[Short web captions]

....

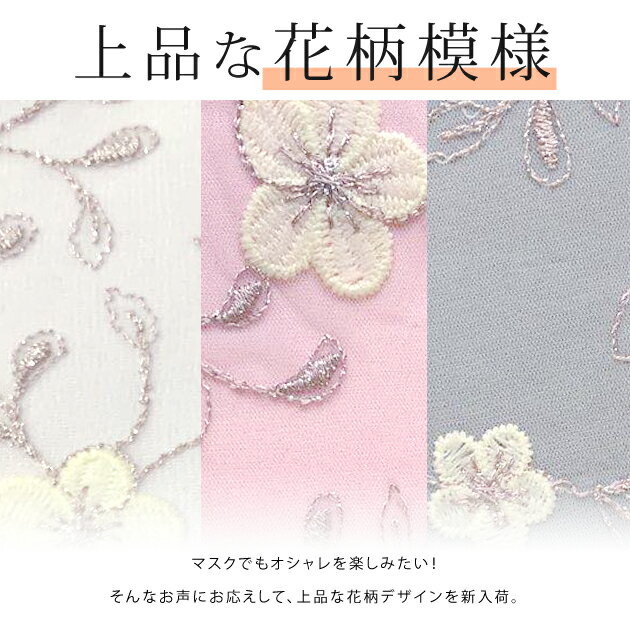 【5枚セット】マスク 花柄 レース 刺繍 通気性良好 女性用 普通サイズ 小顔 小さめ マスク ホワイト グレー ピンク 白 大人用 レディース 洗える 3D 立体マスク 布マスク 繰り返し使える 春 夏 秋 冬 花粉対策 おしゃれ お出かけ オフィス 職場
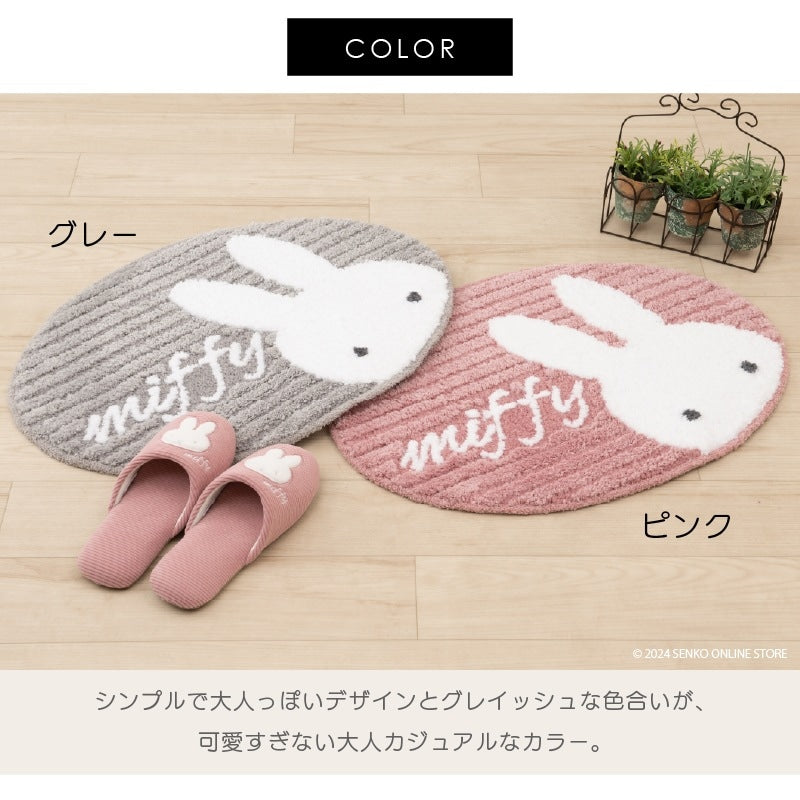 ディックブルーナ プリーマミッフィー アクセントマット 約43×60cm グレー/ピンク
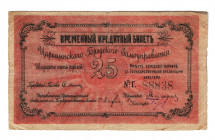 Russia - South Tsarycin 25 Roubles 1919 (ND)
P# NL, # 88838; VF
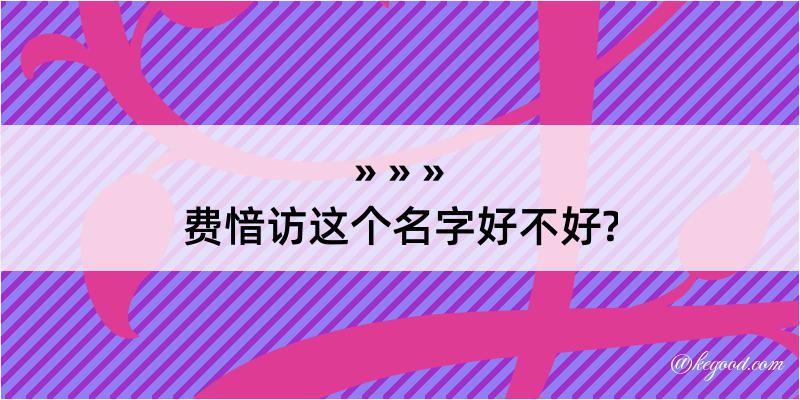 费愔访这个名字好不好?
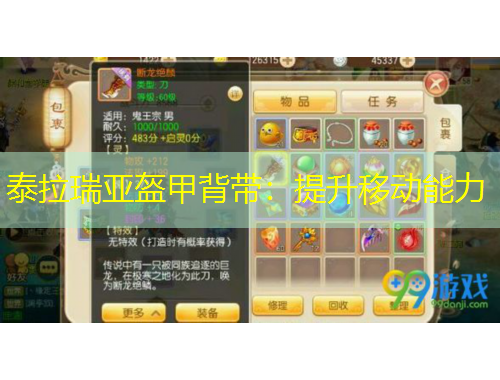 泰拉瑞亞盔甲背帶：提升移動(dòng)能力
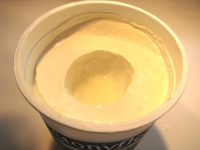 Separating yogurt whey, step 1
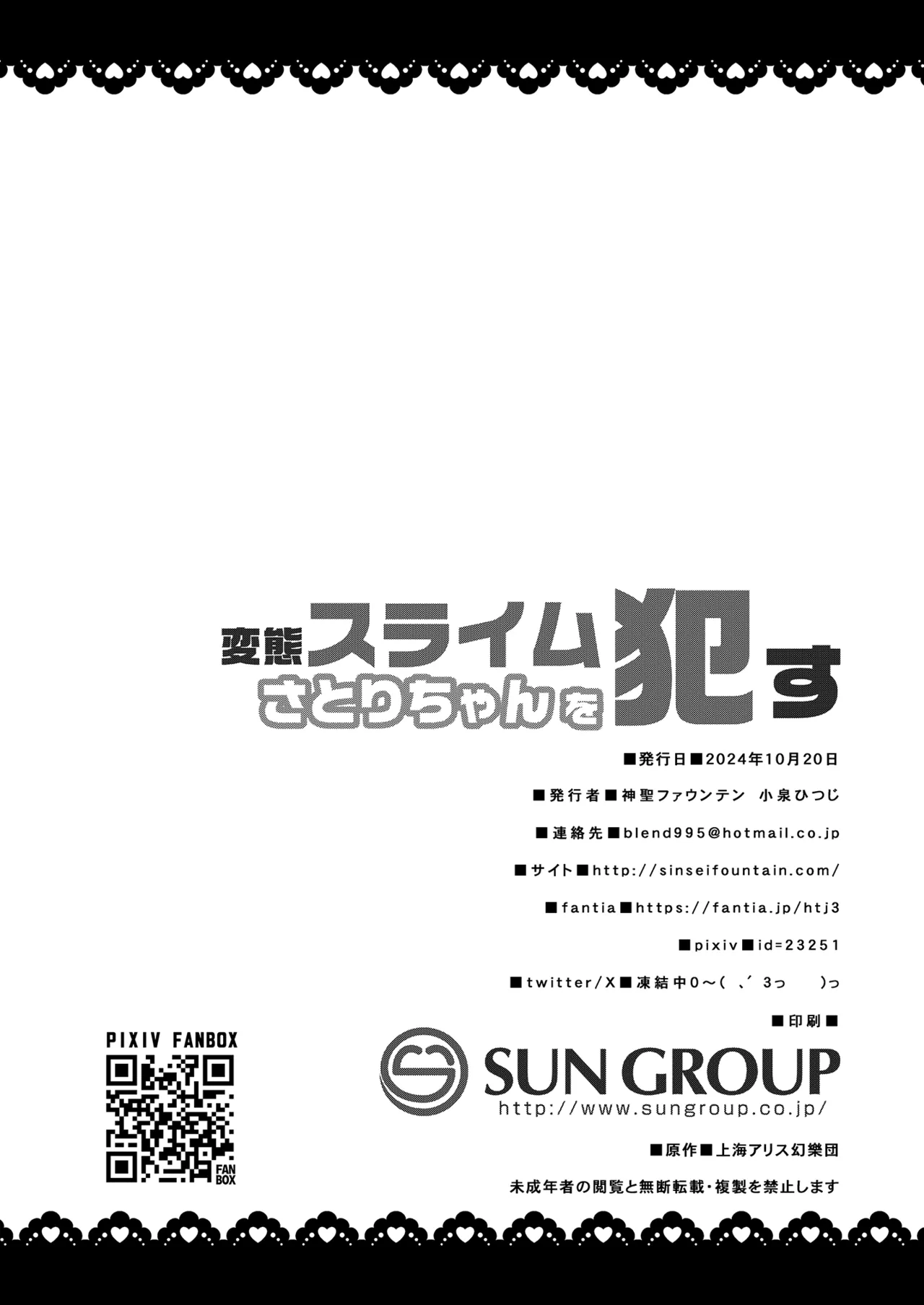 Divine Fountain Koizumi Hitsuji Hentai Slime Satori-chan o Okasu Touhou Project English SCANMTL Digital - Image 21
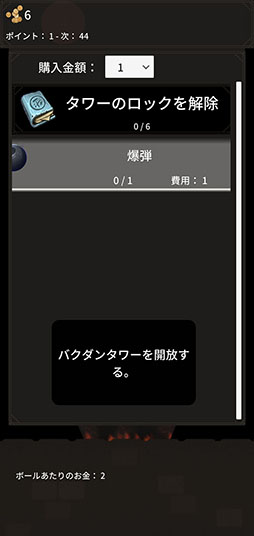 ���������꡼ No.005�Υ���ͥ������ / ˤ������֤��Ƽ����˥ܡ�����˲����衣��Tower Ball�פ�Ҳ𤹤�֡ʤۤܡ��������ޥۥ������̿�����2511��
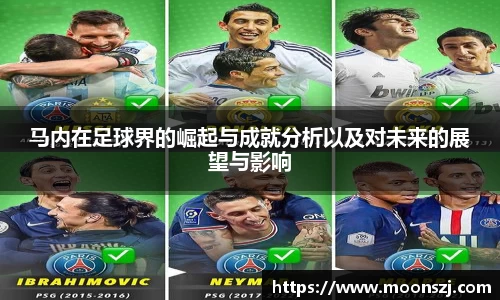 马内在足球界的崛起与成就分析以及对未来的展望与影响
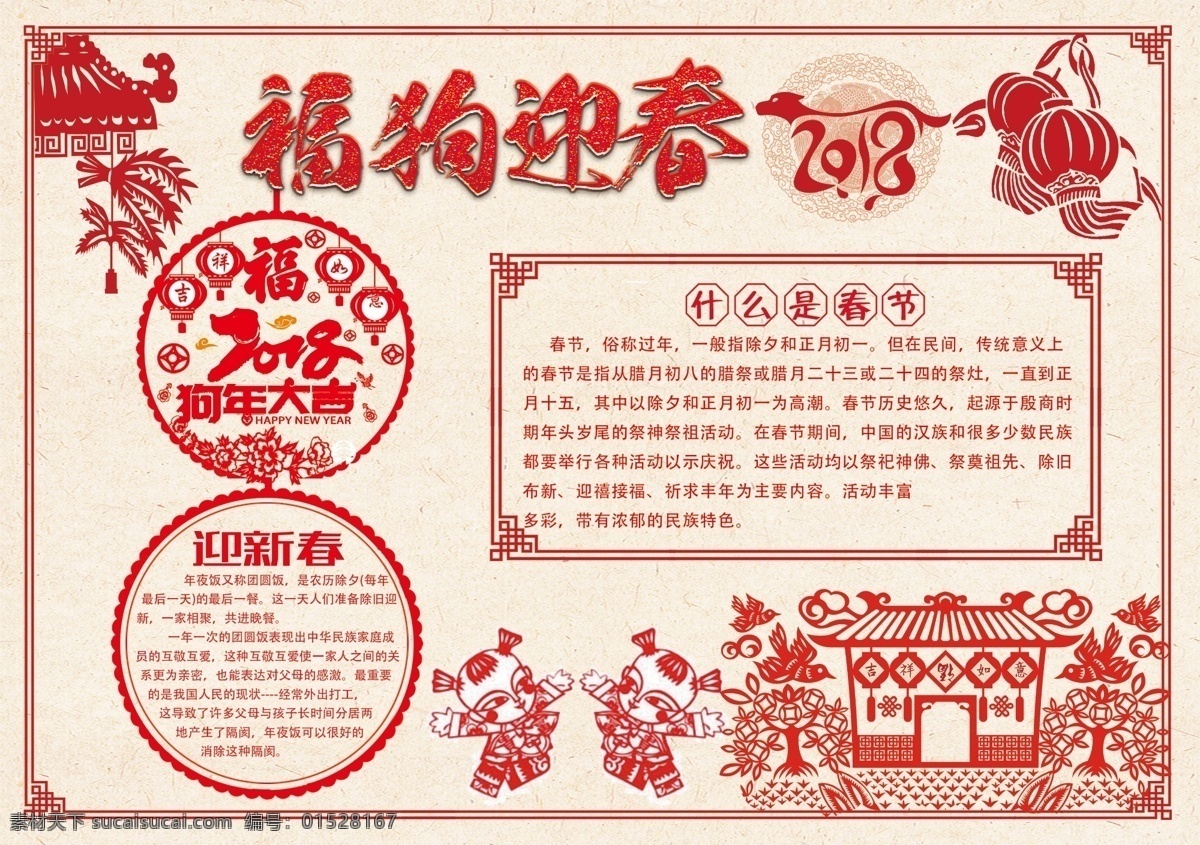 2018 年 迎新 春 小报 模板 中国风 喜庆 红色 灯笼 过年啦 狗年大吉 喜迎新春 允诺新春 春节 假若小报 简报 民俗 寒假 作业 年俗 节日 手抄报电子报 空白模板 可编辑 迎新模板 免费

....

THE TASK: Your answer must be an exact copy of the lines above, from the line that contains "马内在足球界的崛起与成就分析以及对未来的展望与影响" through the final line, with no pictures in it.

OUTPUT OF THE EXERCISE:
 马内在足球界的崛起与成就分析以及对未来的展望与影响
 2018 年 迎新 春 小报 模板 中国风 喜庆 红色 灯笼 过年啦 狗年大吉 喜迎新春 允诺新春 春节 假若小报 简报 民俗 寒假 作业 年俗 节日 手抄报电子报 空白模板 可编辑 迎新模板 免费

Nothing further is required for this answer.